La cirugía plástica retrocede. El número de personas que pasaron el año pasado por el quirófano para mejorar su aspecto cayó cerca de un 30%, según un estudio de la Sociedad Española de Cirugía Plástica y Estética (Secpre). Como el mercado de los coches de lujo o la inmobiliaria, el negocio y la atracción por estas intervenciones se ha trasladado a los países poderosos y emergentes. En el ránking mundial se sitúan Estados Unidos, Brasil, India, China, México, Japón y Corea del Sur. España se queda en el puesto número 15 por número de operaciones de plástica.

Frente a las operaciones de cirugía mayor, ganan terreno las intervenciones estéticas que no necesitan quirófano. El botox y los rellenos faciales, más económicos que el «lifting», se han disparado. Solo en 2009, se administraron entre 75.000 y 80.000 unidades de toxina botulínica, una opción «más barata en épocas de vacas flacas», apuntó el presidente de los cirujanos plásticos, Ezequiel Rodríguez.

El informe, realizado en 288 centros privados de toda España, revela que el 96% de los cirujanos plásticos y estéticos consultados reconocen el efecto de la recesión en sus consultas y aun así en España se hicieron 105.000 intervenciones de cirugía estética en 2009. La operación más pedida fue la liposucción, con 20.069 intervenciones, seguida del aumento de mamas (18.516) y, a bastante distancia, la cirugía de párpados (7.262), nariz (5.701) y la reducción de abdomen (4.352).

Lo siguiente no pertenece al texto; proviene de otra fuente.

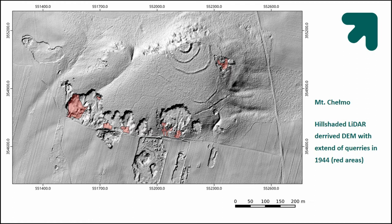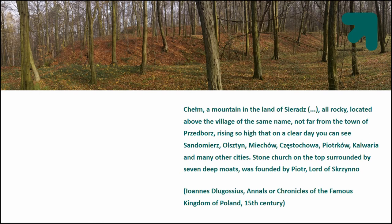Even before any fieldwork was started, the amount of new data arriving from the LiDAR dataset was extremely large — a few previously unknown delimitations and fortifications were identified. This is quite an important place in the history of Poland, described by the famous Polish chronicle of Ioannis Lugosius, who names it as an important center of administration of the early medieval Polish state. And even until recently it has been used and has a symbolical meaning — it's a quite interesting and magical place.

La liposucción gana al aumento de mamas porque es una opción solicitada por ambos sexos. Pero si pensamos solo en mujeres, la colocación de implantes mamarios es la cirugía estética de preferencia entre las de menos de 29 años. A medida que se cumplen años, se opta más por hacer arreglos en el rostro, desde corregir los párpados a un «lifting» para eliminar las arrugas. Los varones optan en mayor medida por la cirugía facial en todas las franjas de edad, y esta proproción aumenta a medida que se cumplen años; hasta llegar al 61,4 % en el colectivo de 45 años en adelante.